This week. This is my ego. Engrossed in a temper tantrum of epic proportions.
She is not happy with me. She digs her heals in, deep. “I don’t want to. You can’t make me.”
My poor mom, she deserves massive props, how did she ever do it? This resistance. This pouting. This fear. This bad behavior. My ego is a pro at knowing just how to make you feel like utter, and complete, shit.
And yet, she and I, we both know. These tears, once brushed off as “hormones”, are the waters of change. Growth. A spread of wings, taking flight. A becoming of “more”.
I’m asking her to change. To be vulnerable, like never before. To stretch into “more”. To create “more”. To help me share all the “more” we possibly can.
Leaving behind the privacy and safety of my journal – easy flowing ink onto soft paper – for black letters against the stark white background and wide open spaces of “the public”.
This requires releasing the old. Unveiling something fresh, and becoming more real than anything I’ve ever been. This is not easy. In fact it kind of sucks, this becoming a better version of yourself. Such hard work for a fragile, sweet, well-intended ego who’d like you to think she’s got this.

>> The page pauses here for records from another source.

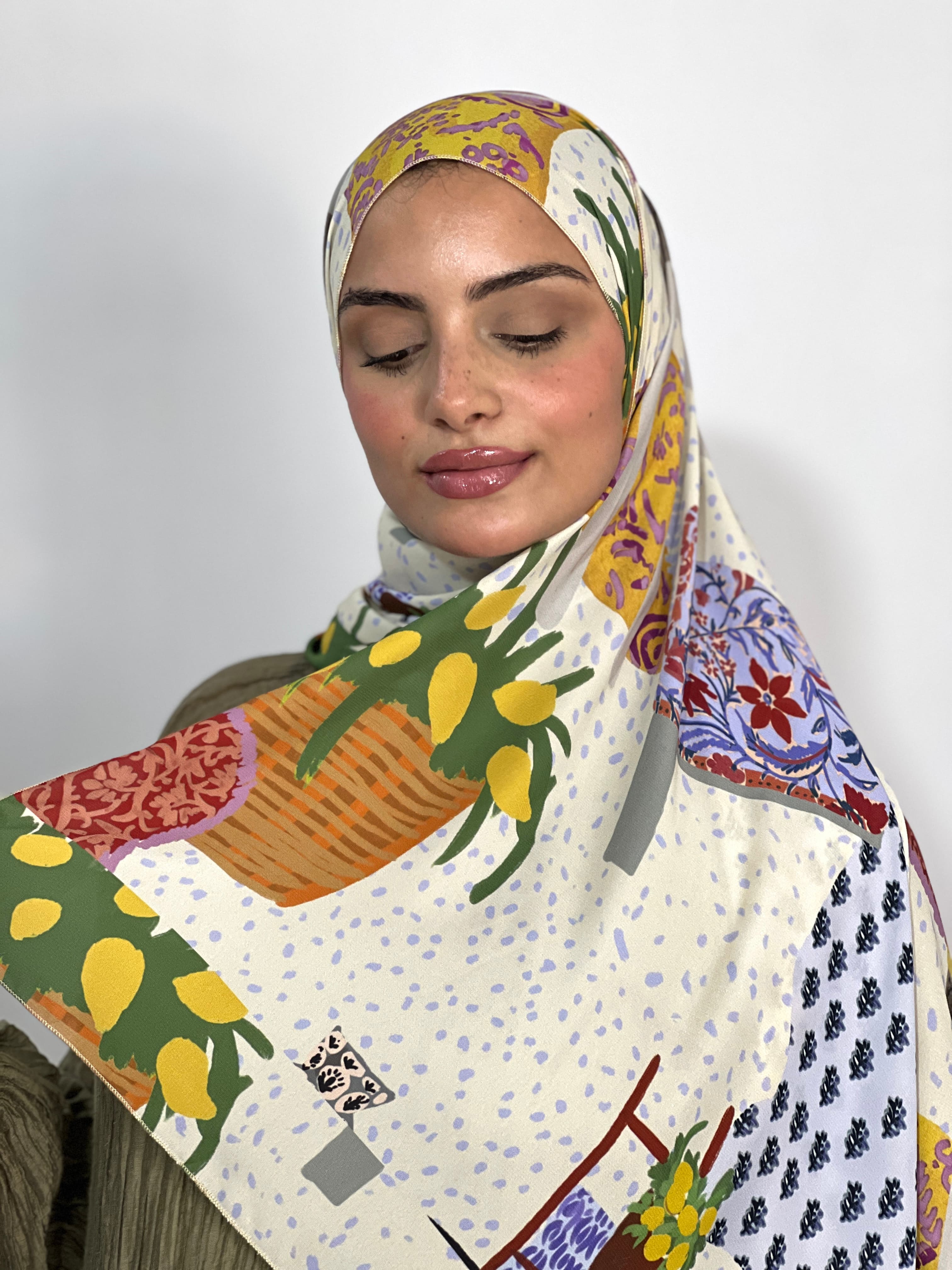 Allurina scarf - "Boho Collage"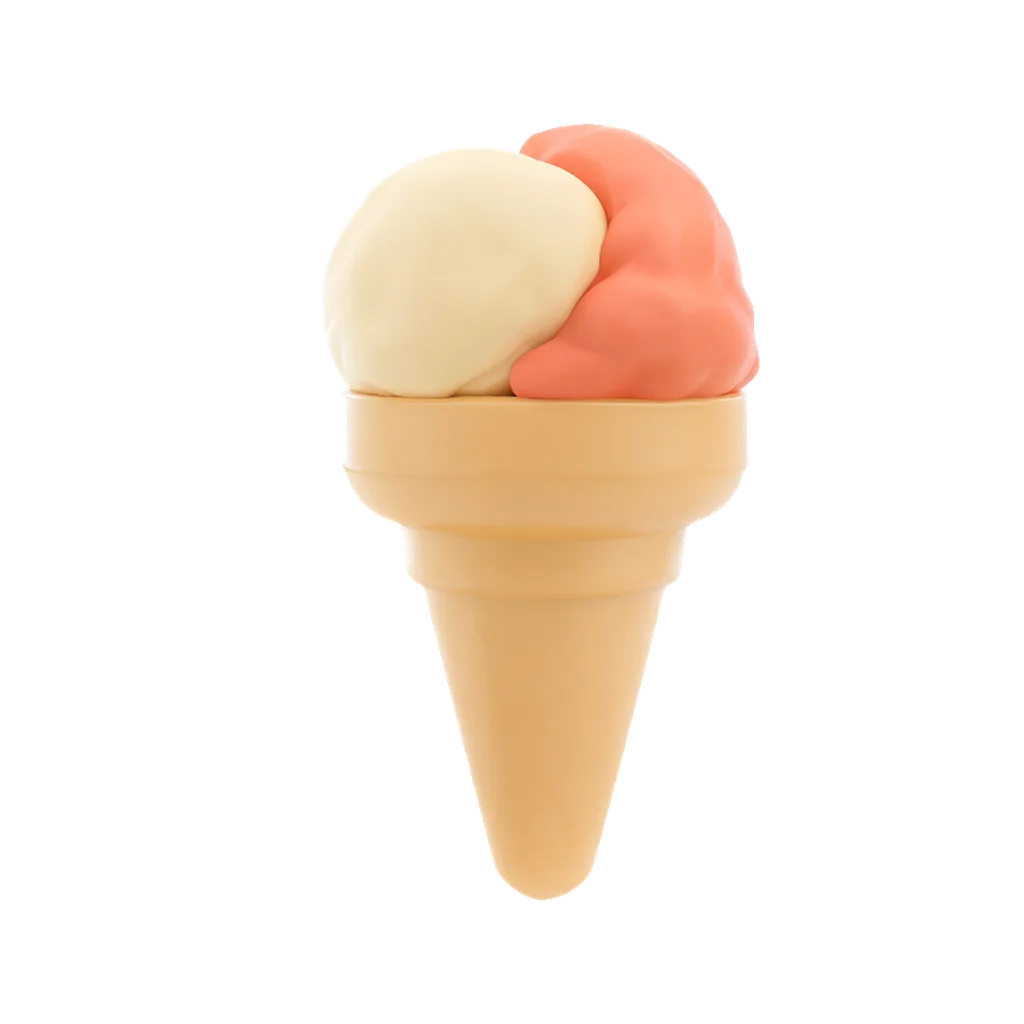 3D render of an ice cream cone with two scoops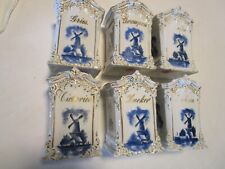Antique German Porcelain Kitchen Canister 6 Set blue Windmill Delft 1850's 8”T picture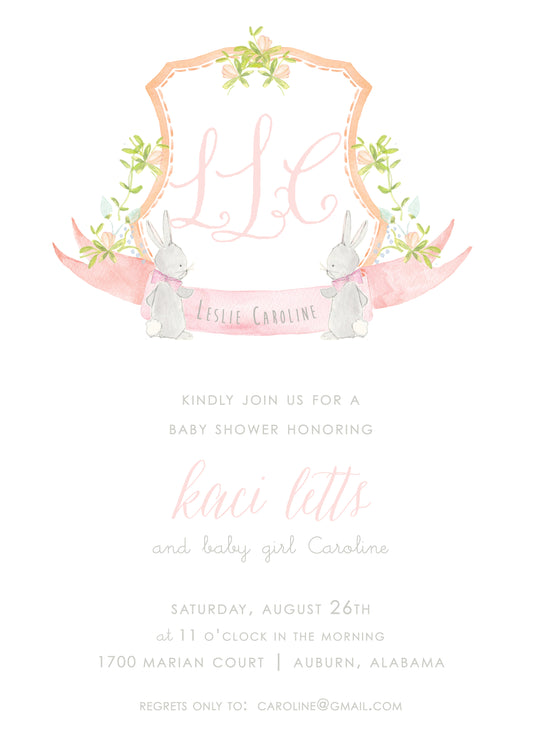 Pink Bunny Crest Invitation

This is where it gets real. Possibility morphing into probability becoming truth and eventually reality. The scared little girl who has been worried about being liked, being wrong, being different. She resists this unknown. This new skin, so tender. The light, so bright.
And so I write. With faith. With intent. With gratitude. With courage. From the heart. And slowly, but surely, that bird begins to soften, and the promise of peace slowly, gently, begins to unfold.